1873年5月29日にお雇い外国人として来日したチェンバレンは、翌1874年から1882年まで東京の海軍兵学寮(後の海軍兵学校)で英語を教えた。1882年には古事記を完訳している(KO-JI-KI or "Records of Ancient Matters")[5]。ついで1886年からは東京帝国大学の外国人教師となった。ここで彼は"A Handbook of Colloquial Japanese"(『口語日本語ハンドブック』、1888年)、"Things Japanese"(『日本事物誌』、1890年初版)、"A Practical Introduction to the Study of Japanese Writing"(『文字のしるべ』、1899年初版、1905年第二版)などの多くの著作を発表した。"Things Japanese"の中で新渡戸稲造の著作BUSHIDOに触れているが「ナショナリスティックな教授」(nationalistic professor)と批判的である。[6]さらに彼はW.B.メーソンと共同で旅行ガイドブックの『マレー』の日本案内版である"A Handbook for Travellers in Japan"(1891年)も執筆し、これは多くの版を重ねた。1904年ごろから箱根の藤屋(富士屋)に逗留し近くに文庫を建てて研究を続けていたが、眼病にかかったため[7]、1911年3月4日離日、東京帝大名誉教師となった。以降はジュネーヴに居住した。箱根宮ノ下では、堂ヶ島渓谷遊歩道をチェンバレンの散歩道と別称している。

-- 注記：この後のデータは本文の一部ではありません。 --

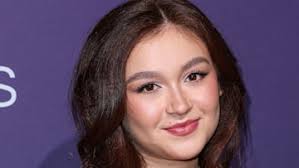 XO Kitty star Anna Cathcart's life off-screen: from college career to  dating rumors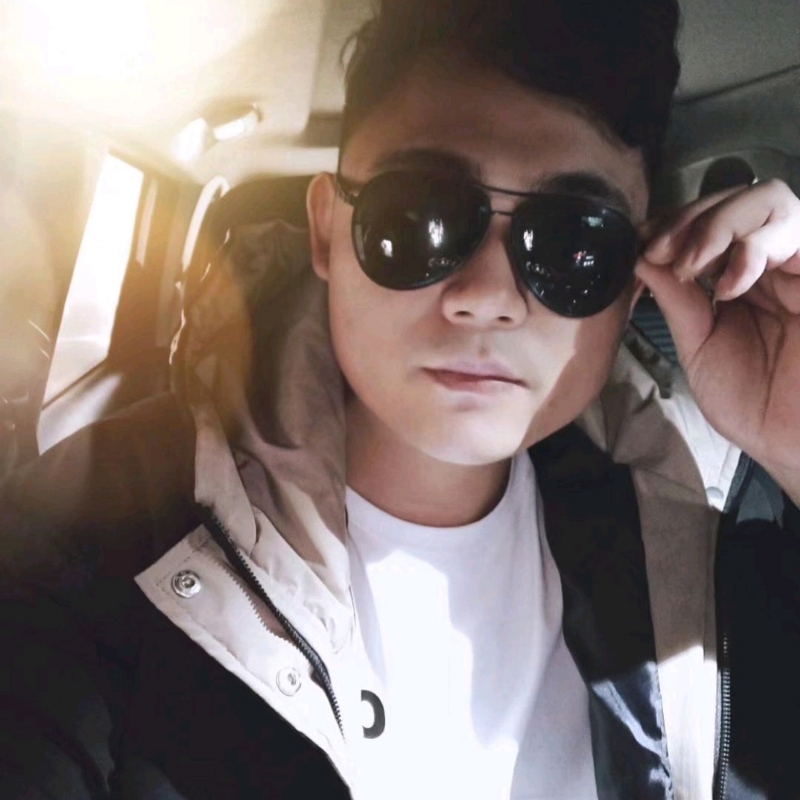 高大威武的第三张照片--丽水相亲服务中心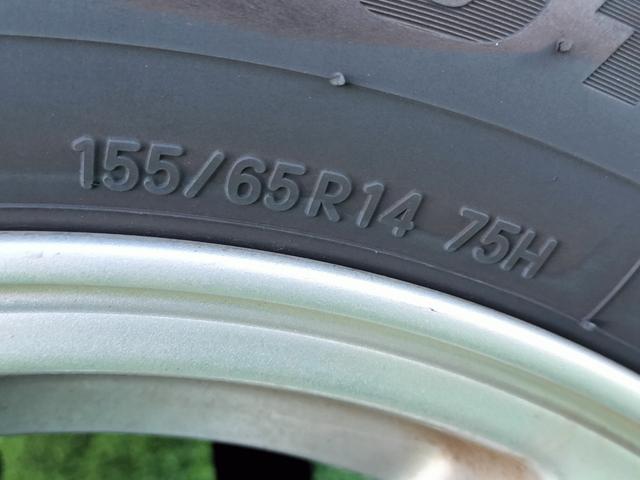 ミライース Ｘ　メモリアルエディション　純正ナビ／フルセグ／ＢＴ接続可／ＣＤ／ＤＶＤ／キーレス／ＥＴＣ／アイドリングストップ／純正アルミホイール／ＡＢＳ／電格ミラー／集中ドアロック（21枚目）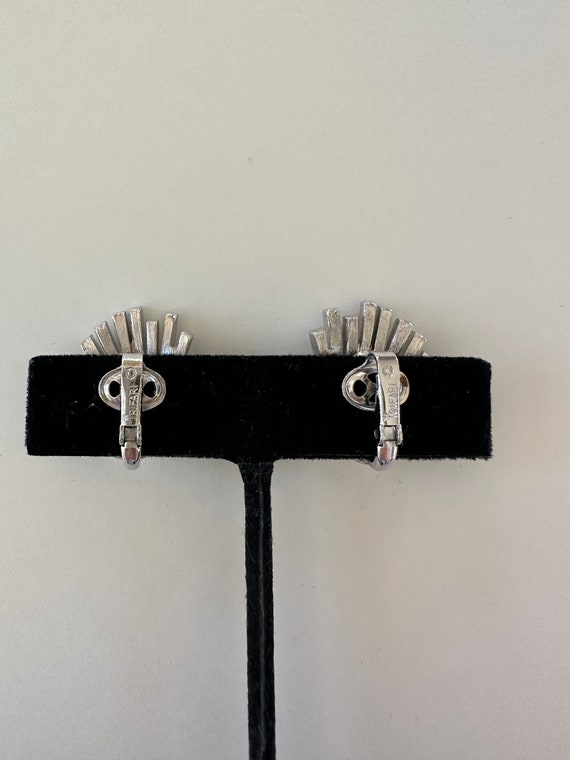 1960s Crown Trifari Modernist Earrings - image 8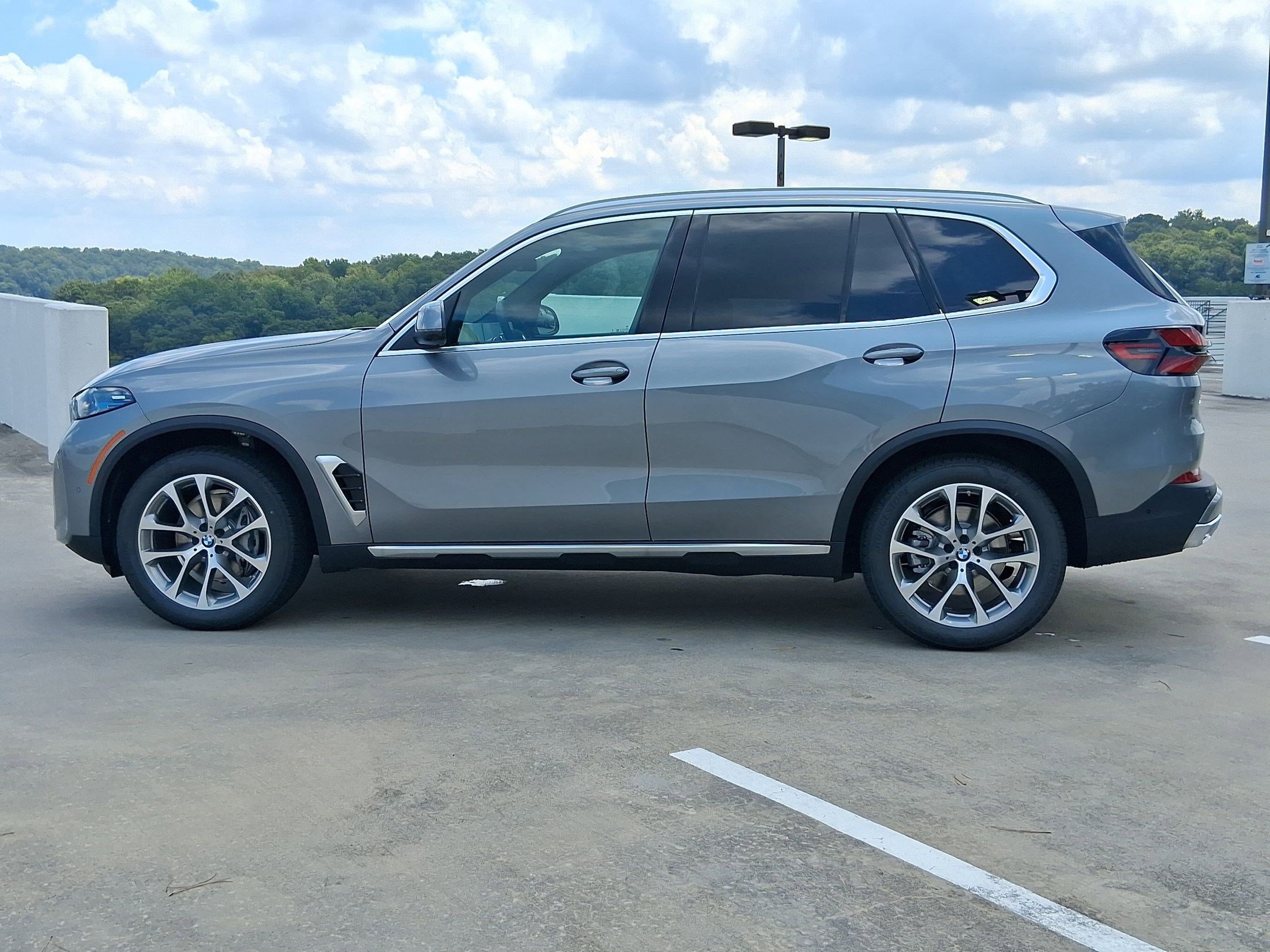 2026 Bmw X5 xDrive40i photo 2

チェンバレンはラフカディオ・ハーン(小泉八雲)と親交があった。両者はのち疎遠となってしまう[8]が、往復書簡集が残っている。ハーンの死に際しては、追悼文を歌誌「心の花」に書いている[9]。またチェンバレンの秘書で、親子同然の間柄でもあった杉浦藤四郎(1883–1968)の蔵書、書簡等よりなるチェンバレン・杉浦文庫が愛知教育大学にある。

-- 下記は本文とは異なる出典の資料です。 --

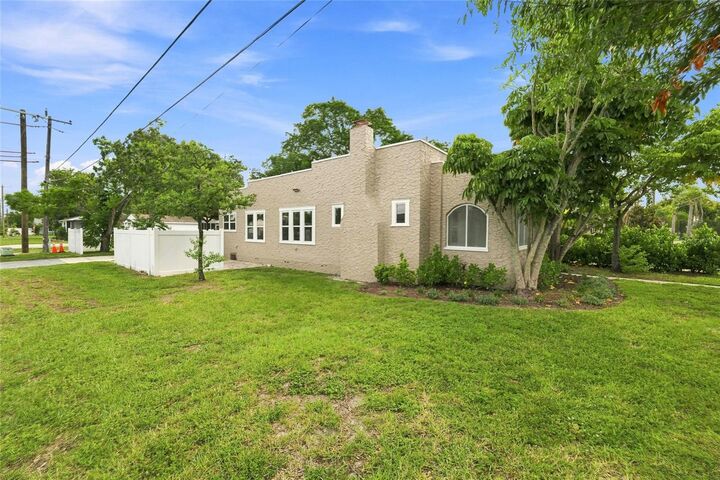 Property Photo:  4595 9th Avenue N  FL 33713 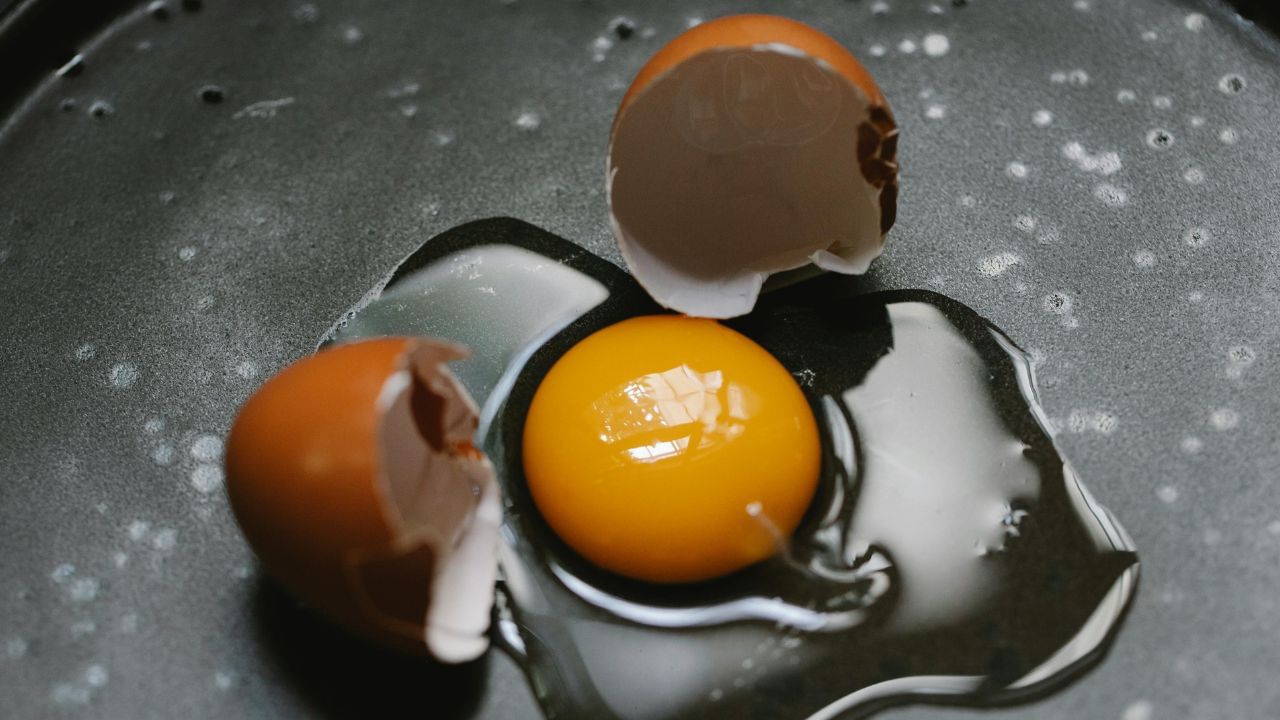 അതുപോലെ, ബോട്ടിലുകളിലും മറ്റും പറ്റിപ്പിടിച്ചിരിക്കുന്ന കറ അകറ്റാൻ സാധാരണഗതിയിൽ ബുദ്ധിമുട്ടാണ്. അത്തരം സാഹചര്യങ്ങളിൽ മുട്ടത്തോട് പൊടിക്കൊപ്പം അൽപ്പം സോപ്പ് പൊടിയും ചെറു ചൂടുവെള്ളവും ചേർത്ത് ബോട്ടിലിലേക്ക് ഒഴിച്ച് നന്നായി കുലുക്കി കഴുകാവുന്നതാണ്. (Image Credits: Pexels)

1880年(明治13年)、日本の国歌として『君が代』[10]が非公式に採用された。君が代は10世紀に編纂された『古今和歌集』に収録されている短歌の一つである。チェンバレンはこの日本の国歌を翻訳した。日本の国歌の歌詞とチェンバレンの訳を以下に引用する[11]。
君が代は
千代に八千代に
さざれ石の
巌(いわお)となりて
苔(こけ)のむすまで — 君が代、日本の国歌
A thousand years of happy life be thine!
Live on, my Lord, till what are pebbles now,
By age united, to great rocks shall grow,
Whose venerable sides the moss doth line.
汝(なんじ)の治世が幸せな数千年であるように
われらが主よ、治めつづけたまえ、今は小石であるものが
時代を経て、あつまりて大いなる岩となり
神さびたその側面に苔が生(は)える日まで
この歌は皇統の永続性がテーマとされる[12]。 和田真二郎 『君が代と萬歳』、小田切信夫『国歌君が代の研究』では、チェンバレンの英訳を高く評価している。

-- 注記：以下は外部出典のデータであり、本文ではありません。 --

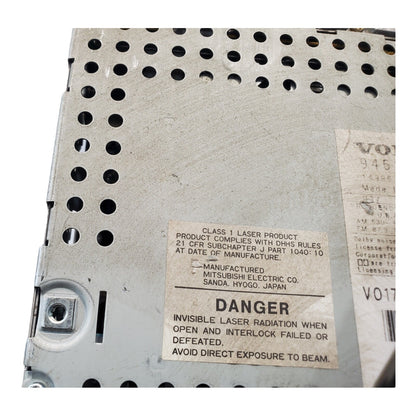 01-05 Volvo S60 S70 Series AM FM Cassette w Single CD Player HU-613 9452058-1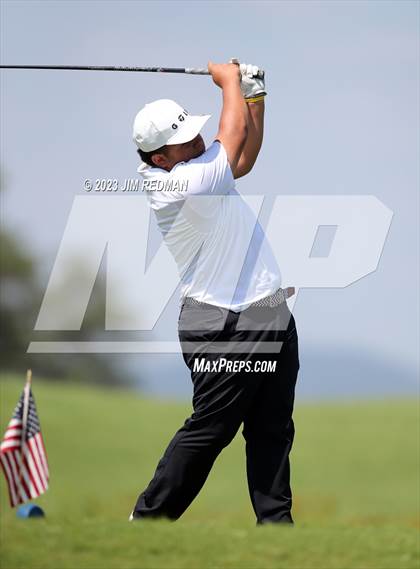 Thumbnail 2 in UIL 4A Boys Golf Finals photogallery.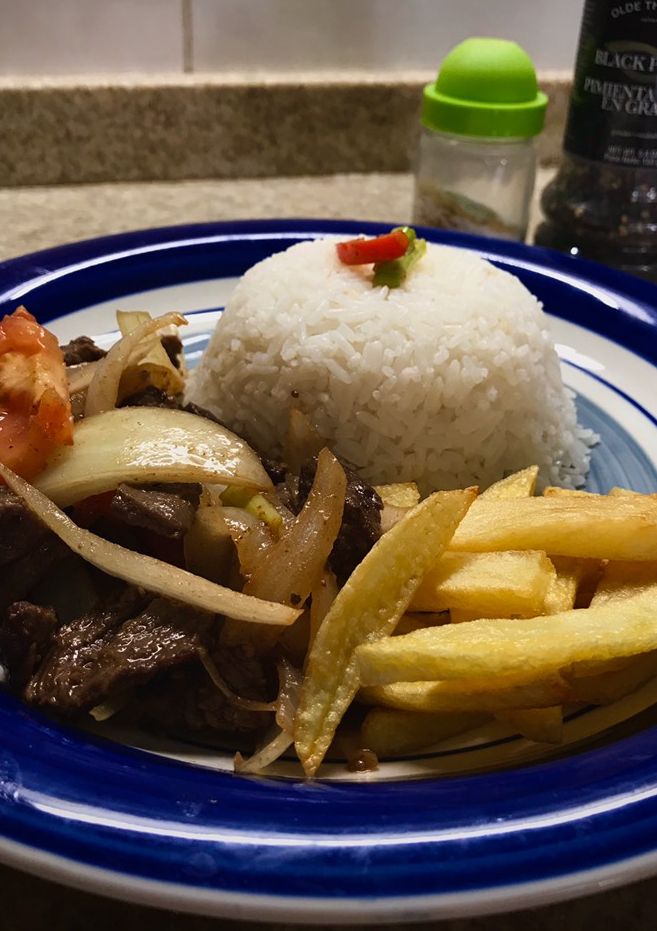 Una foto de Lomo saltado 🥩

チェンバレン訳の芭蕉「古池や、蛙飛び込む、水の音」 The old pond, aye! / and the sound of a frog / leaping into the water.
チェンバレンが日本語文法書を書いたことが国辱的と感じる谷千生や山田孝雄のような人もいた。また、彼の西洋中心主義も非難されるところであった[13]。
チェンバレンは日本文学に対し、非常に低い評価をしており、「才能とオリジナリティ、思想、倫理的把握、奥深さ、幅広さが欠けており、詩歌も知性に欠けて可憐なだけである」と評したが、日本研究者のリチャード・バウリング(Richard Bowring)は、「チェンバレンによる和歌の翻訳は古色蒼然とした詩的表現のまわりに沢山のつぎはぎ」をしたものであり、チェンバレンの下した評価は彼が考える「英語で詩的なものとは何か」が「日本の詩歌に欠けている」という意味しかない、と批判している[14]。また、アーサー・ウェイリーもチェンバレンの翻訳に不満を持ち、その日本文学論に反論、ラフカディオ・ハーンも、チェンバレンの『日本事物誌』の音楽、神道、文学などの項目について異を唱えた[14]。